Your instructions =>
Your task is to write out the entire listing exactly, omitting its pictures.

Record set =>
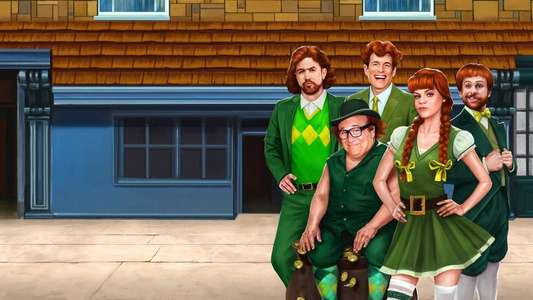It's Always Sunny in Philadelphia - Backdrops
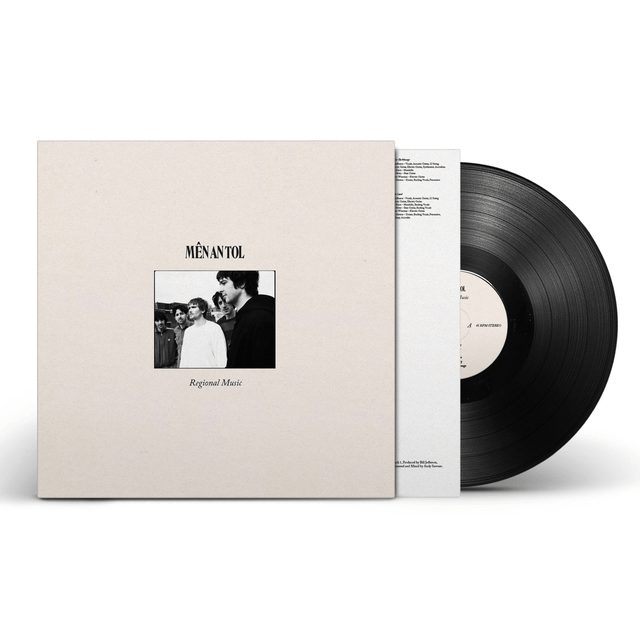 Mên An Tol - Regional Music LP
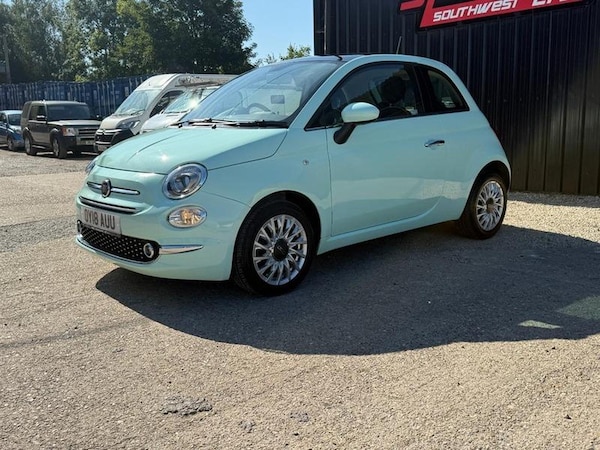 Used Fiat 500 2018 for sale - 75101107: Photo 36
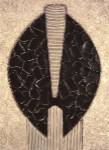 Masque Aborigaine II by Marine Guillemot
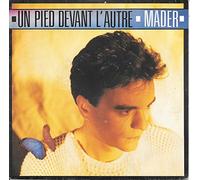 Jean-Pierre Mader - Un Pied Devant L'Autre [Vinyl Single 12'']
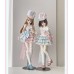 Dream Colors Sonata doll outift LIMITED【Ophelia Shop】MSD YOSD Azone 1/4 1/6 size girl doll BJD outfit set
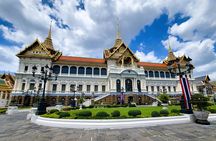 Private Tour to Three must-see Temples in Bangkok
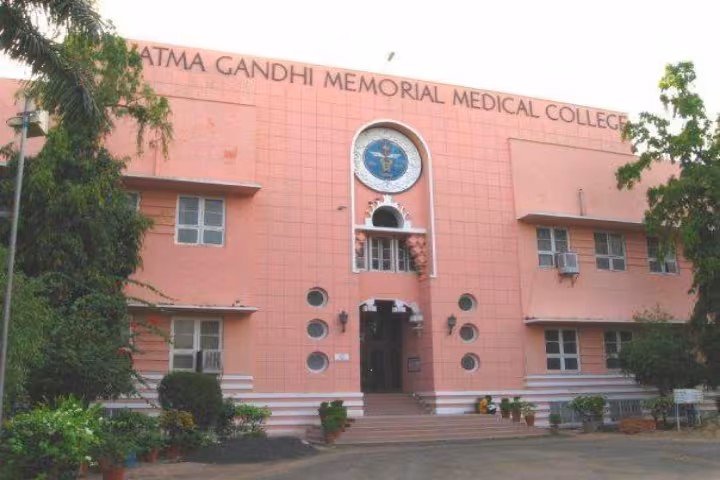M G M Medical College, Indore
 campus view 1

Output for this task =>
It's Always Sunny in Philadelphia - Backdrops
 Mên An Tol - Regional Music LP
 Used Fiat 500 2018 for sale - 75101107: Photo 36
 Masque Aborigaine II by Marine Guillemot
 Jean-Pierre Mader - Un Pied Devant L'Autre [Vinyl Single 12'']
 Dream Colors Sonata doll outift LIMITED【Ophelia Shop】MSD YOSD Azone 1/4 1/6 size girl doll BJD outfit set
 Private Tour to Three must-see Temples in Bangkok
M G M Medical College, Indore
 campus view 1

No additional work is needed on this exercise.